Interestingly Marxism is listed amongst the ‘Philosophies’ at the
beginning of the test booklet but unlike Capitalism it gets no critique. This is strange since the recently concluded twentieth
century provides some illuminating examples of how this sort of society has
worked out in practice, in terms of human happiness.
This,
of course, is the point. What we are
talking about here is not education but sustained political propaganda. In the circumstances, it is perhaps
surprising that the Green Party is only getting 6% of the vote. On the other hand it may be that our
sixth-formers see through all this and write not what they believe but rather
what they believe their examiners want to read (just as persons going for
job-interviews in the public service know that they need to nod politely in the
direction of the Principles of the Treaty of Waitangi).
There
may be some truth in this but it does not mean that we should ignore what
appears to be a persistent programme to brainwash a generation. If our society is to have any hope of satisfying
the needs and aspirations of its people it needs to come to a balanced view on our
exploitation of the environment and our use of resources and this is not helped
by telling our young people that indigenous people ‘plant trees’ and ‘maintain
diversity’, whilst western societies engage in ‘deforestation’. Do none of the people (teachers/examiners)
responsible for this disgraceful programme know that the Maori and Aboriginal
people burnt off vast tracts of their native forest and exterminated whole
species of animals (think Moa)?
Something
similar applies to political and economic arrangements. As hinted above, there are well-known defects
to the collective society model which seems to be favoured in this
programme. The word communism is not
used in the guide material but there are plenty of references to ‘common
ownership’ and the sharing of resources and, as noted, Marxism certainly
is. Why are we permitting our children
to be indoctrinated in this way?
Of
course the bottom-line here is that the attitudes and preconceptions, with
which our young people leave school, are going to underlie the decisions they
will take as voters. If we would like
them to join us in resisting the errors which have plagued other western societies,
such as Greece, Italy, Spain, Portugal, schools are going to have to provide an
educational experience which enables them to understand the difficult choices
that lie before us. Naïve far-left
indoctrination is not going to do it.
1 comment:
For the political left, teaching is not about the balanced transmission of accrued human knowledge in the service of teaching students how to think.
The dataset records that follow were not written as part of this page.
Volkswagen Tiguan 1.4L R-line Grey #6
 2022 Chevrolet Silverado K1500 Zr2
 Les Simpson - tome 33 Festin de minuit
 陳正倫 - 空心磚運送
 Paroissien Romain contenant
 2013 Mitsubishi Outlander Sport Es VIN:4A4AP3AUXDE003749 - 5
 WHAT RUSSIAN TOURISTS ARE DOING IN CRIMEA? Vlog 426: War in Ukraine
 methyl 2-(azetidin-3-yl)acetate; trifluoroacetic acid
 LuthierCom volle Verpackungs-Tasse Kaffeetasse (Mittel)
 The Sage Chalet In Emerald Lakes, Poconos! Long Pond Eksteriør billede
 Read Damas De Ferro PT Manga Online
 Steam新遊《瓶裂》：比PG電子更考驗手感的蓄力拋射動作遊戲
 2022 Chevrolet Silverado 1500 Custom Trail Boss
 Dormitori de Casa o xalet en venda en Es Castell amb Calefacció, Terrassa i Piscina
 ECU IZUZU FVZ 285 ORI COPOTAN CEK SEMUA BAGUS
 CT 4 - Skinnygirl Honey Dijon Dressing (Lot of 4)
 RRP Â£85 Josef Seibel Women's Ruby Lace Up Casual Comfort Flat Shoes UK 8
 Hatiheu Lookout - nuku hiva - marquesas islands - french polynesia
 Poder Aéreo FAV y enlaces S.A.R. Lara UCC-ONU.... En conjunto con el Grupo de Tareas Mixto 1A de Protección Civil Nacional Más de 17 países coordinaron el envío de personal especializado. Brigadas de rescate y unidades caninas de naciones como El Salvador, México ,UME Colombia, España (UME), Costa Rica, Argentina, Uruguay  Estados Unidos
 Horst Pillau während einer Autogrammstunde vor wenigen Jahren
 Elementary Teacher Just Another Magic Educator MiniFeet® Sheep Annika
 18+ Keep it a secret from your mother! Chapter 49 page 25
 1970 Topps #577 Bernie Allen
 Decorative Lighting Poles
In leftist world view (derived from the Cultural Marxism of George Lukacs, Antonio Gramsci, and the Frankfurt School), there is no such thing as a disinterested pedagogy.
The education system (unless colonised and subverted by Cultural Marxists) peddles the ideology of existing powerful groups in society, i.e. the white, male, heterosexual capitalist class.
Since all teaching is ideological, reason the Cultural Marxists, it may as well be their ideology that is taught.
They see nothing wrong with this because they have no personal morality, just a collectivist anti-ethic. Anything that advances the Marxist agenda of trashing the institutions of Judeo-Christian culture (faith in a Creator as a transcendent source of moral authority, the rule of law, private property rights, free markets, sexual morality, the formative nuclear family) is “moral” and that which retards it is not.
These emetics speak not the truth, but the will to power.
To paraphrase another grubby little socialist, Adolf Hitler, “If you cut even cautiously into [any social] abscess, you found, like a maggot in a rotting body, often dazzled by the sudden light - a Communist!”
Socialists/Marxists/Communists are indeed maggots – they should be ruthlessly stamped on wherever found!